Required work: Pictures stay out. All the rest of the records must be repeated exactly.

Records supplied:
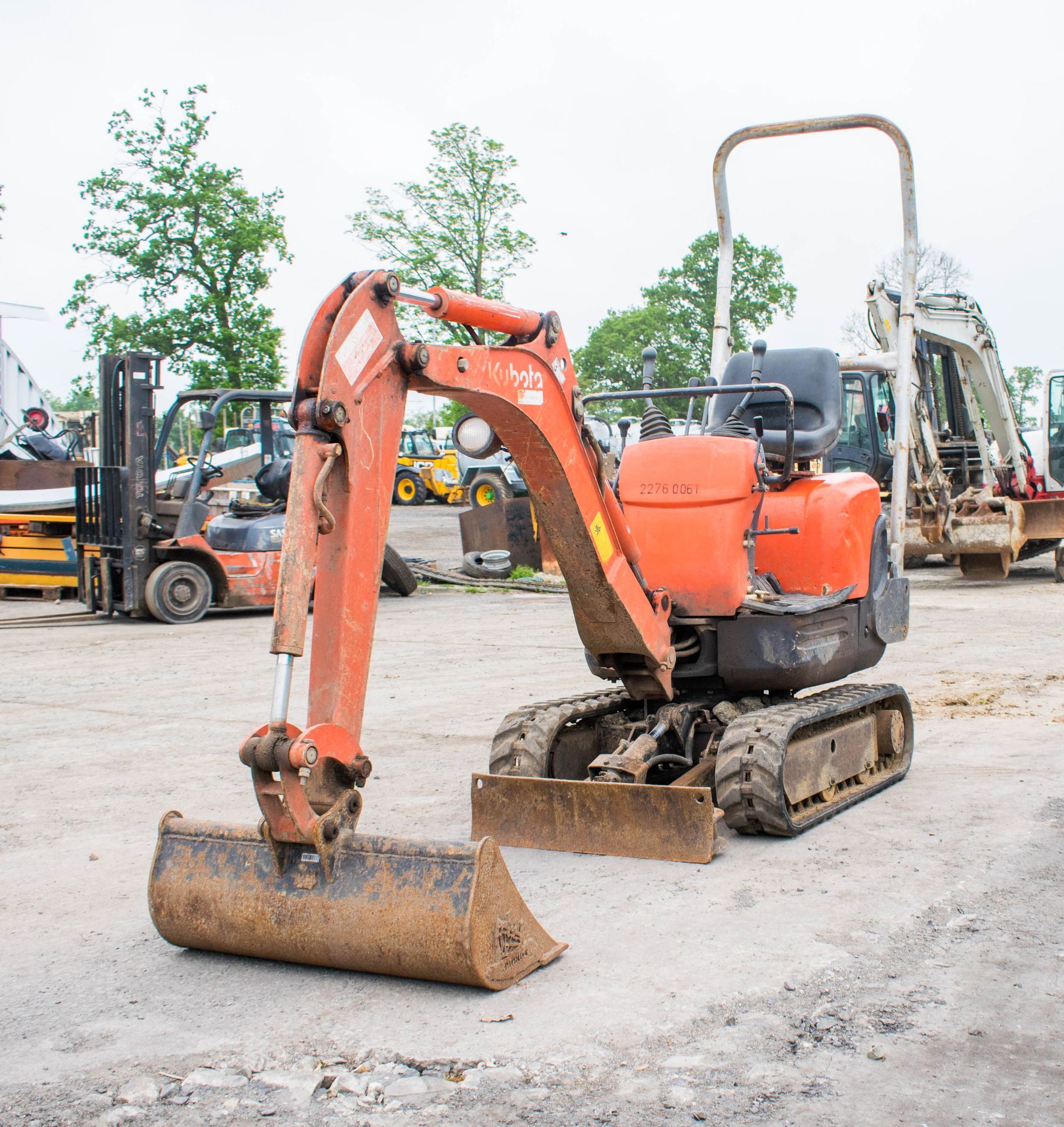 Kubota KX008 0.8 tonne rubber tracked micro excavator Year: 2007 S/N:17780 Recorded Hours: 3354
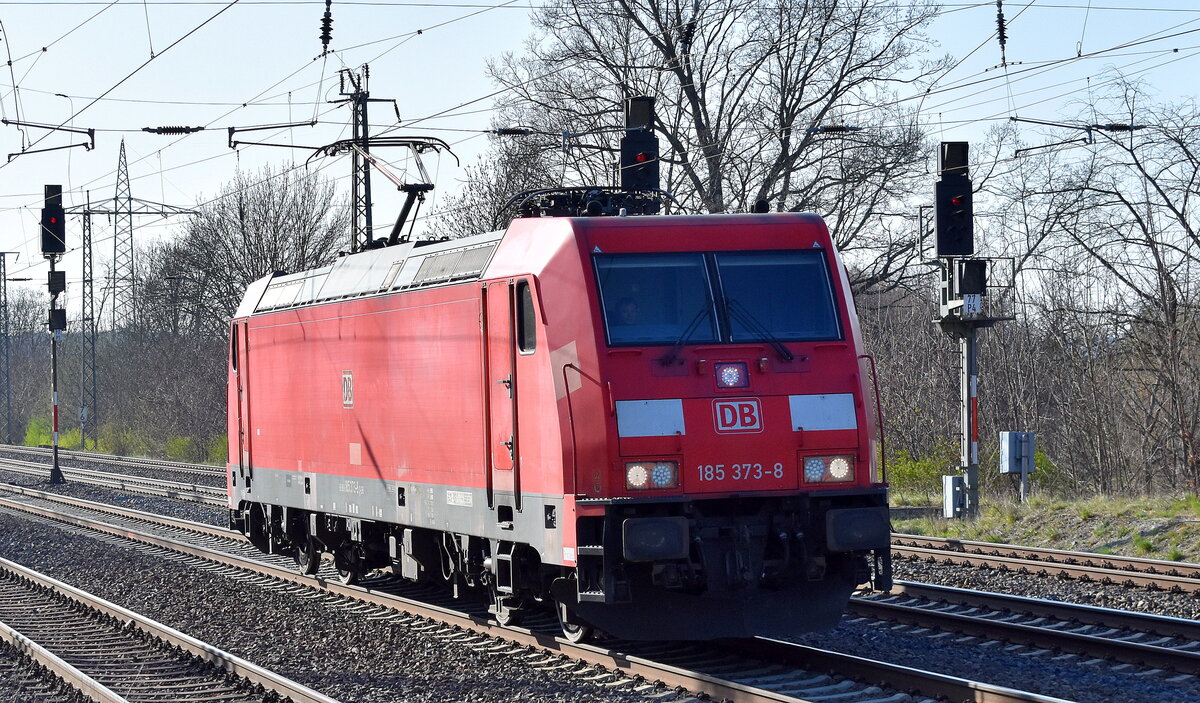 DB Cargo AG, Mainz [D] mit ihrer  185 373-8  [NVR-Nummer: 91 80 6185 373-8 D-DB] am 02.04.25 Höhe Bahnhof Saarmund.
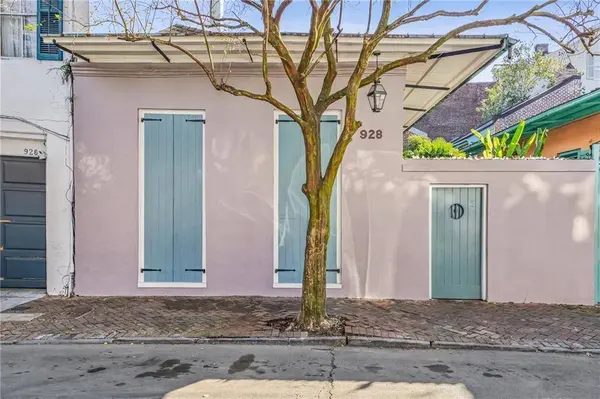 928 GOVERNOR NICHOLLS ST, New Orleans, LA 70116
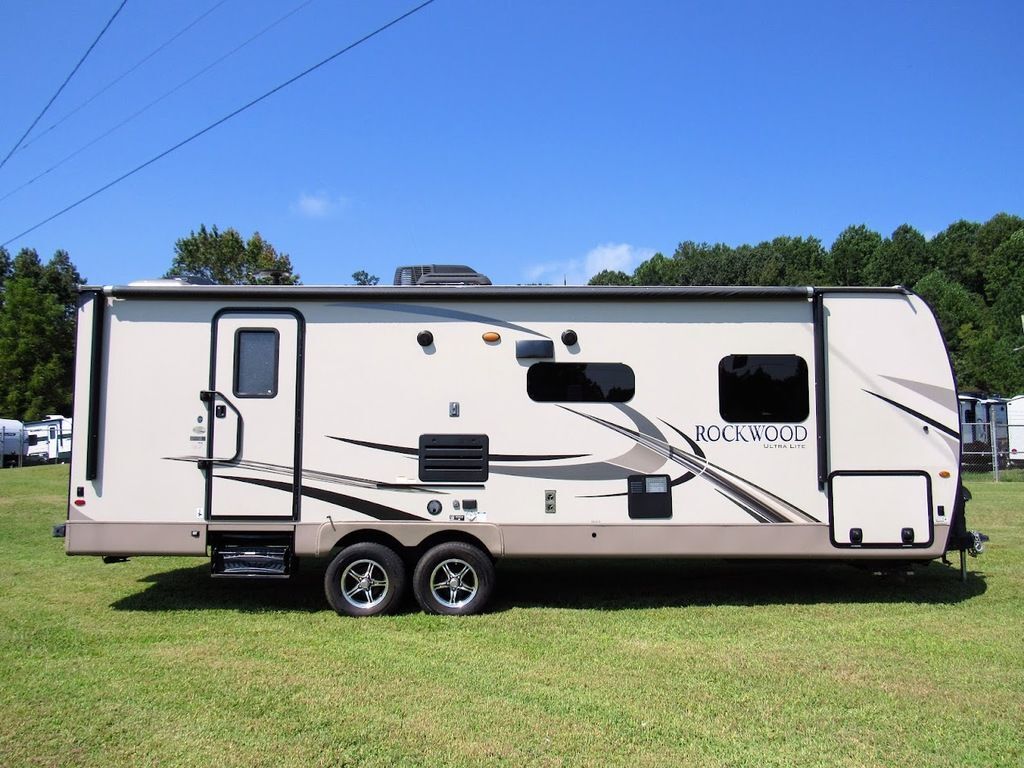 2018 Forest River Rockwood Ultra Lite 2606WS RV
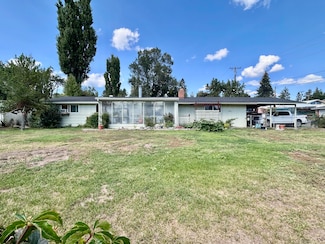 2400 Redwood Dr, Klamath Falls, OR 97601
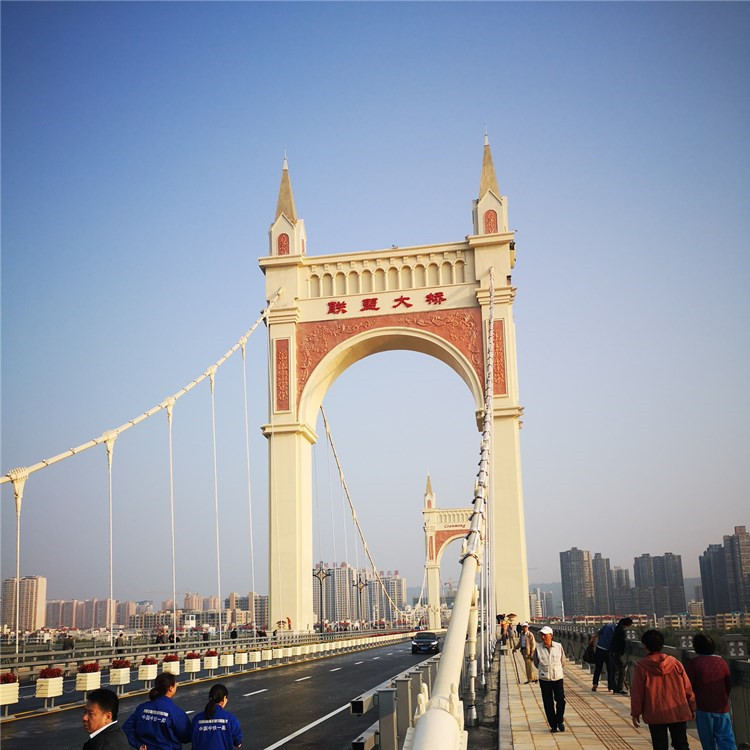 寶雞聯(lián)盟大橋水性氟碳漆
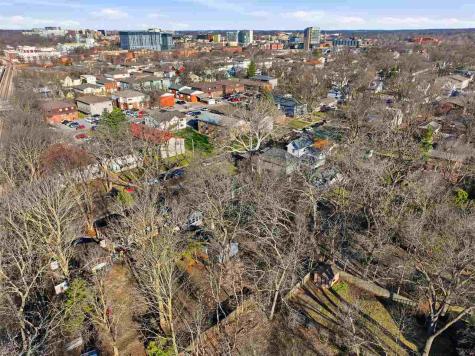 654 S Lucas Street Iowa City IA 52240
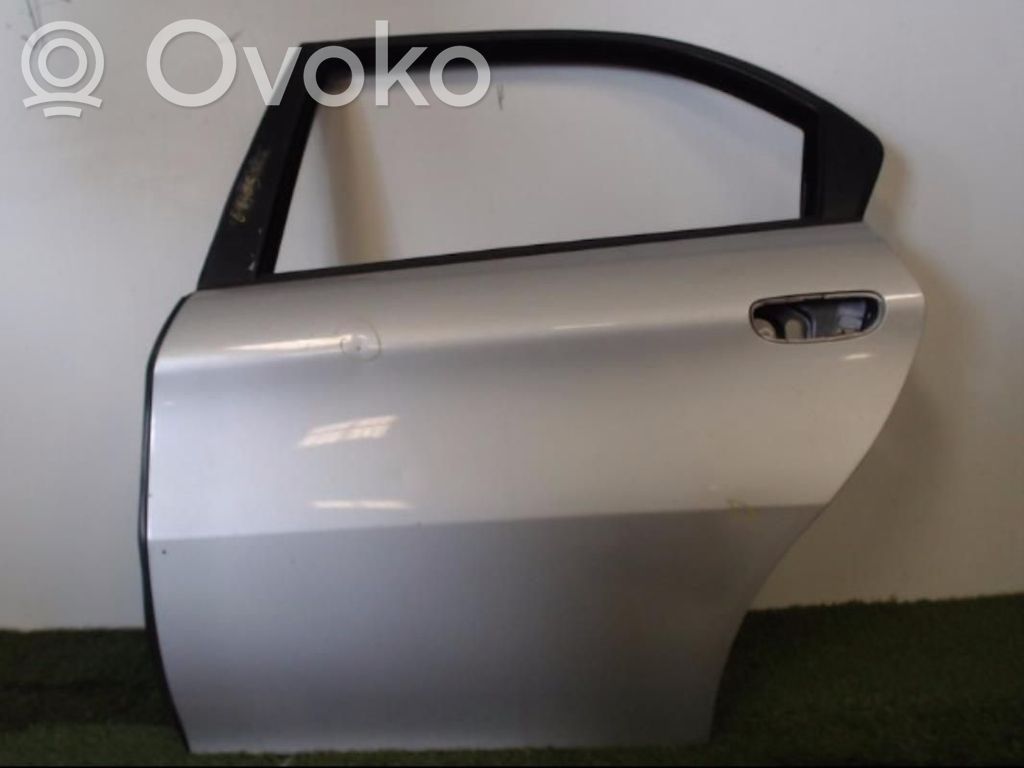 Alfa Romeo 166 Puerta trasera 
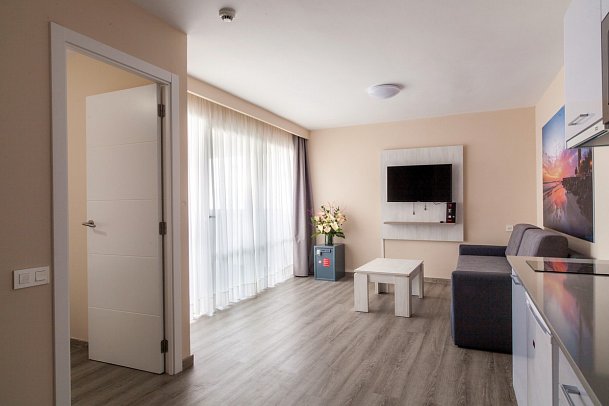 Corona Roja - Wohnbeispiel renoviertes Appartement (Zimmercodierungen AB2 & OB2)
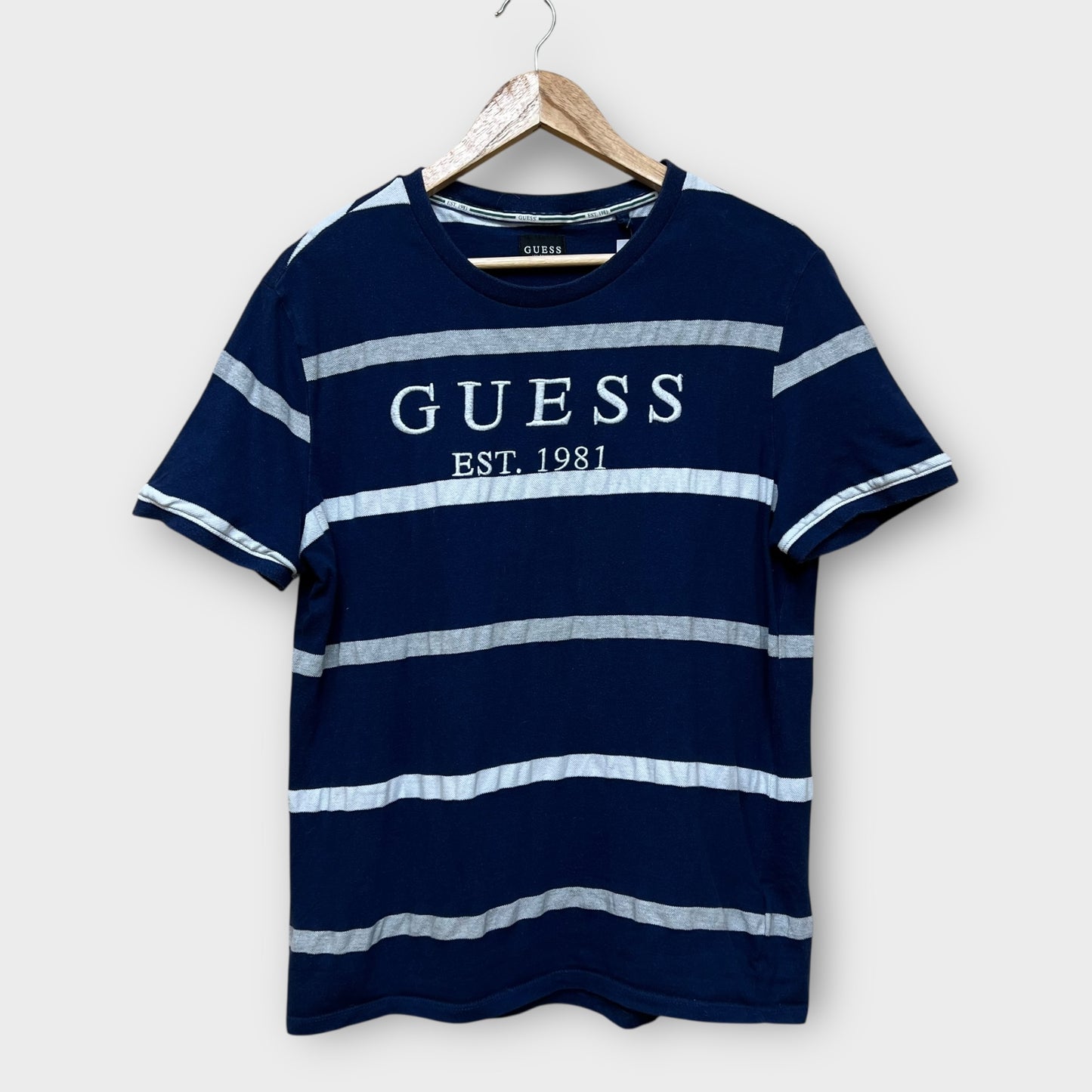 T-shirt Guess Stripe - M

Reply to the exercise:
 Kubota KX008 0.8 tonne rubber tracked micro excavator Year: 2007 S/N:17780 Recorded Hours: 3354
 DB Cargo AG, Mainz [D] mit ihrer  185 373-8  [NVR-Nummer: 91 80 6185 373-8 D-DB] am 02.04.25 Höhe Bahnhof Saarmund.
 928 GOVERNOR NICHOLLS ST, New Orleans, LA 70116
 2018 Forest River Rockwood Ultra Lite 2606WS RV
 2400 Redwood Dr, Klamath Falls, OR 97601
 寶雞聯(lián)盟大橋水性氟碳漆
 654 S Lucas Street Iowa City IA 52240
 Alfa Romeo 166 Puerta trasera 
 Corona Roja - Wohnbeispiel renoviertes Appartement (Zimmercodierungen AB2 & OB2)
 T-shirt Guess Stripe - M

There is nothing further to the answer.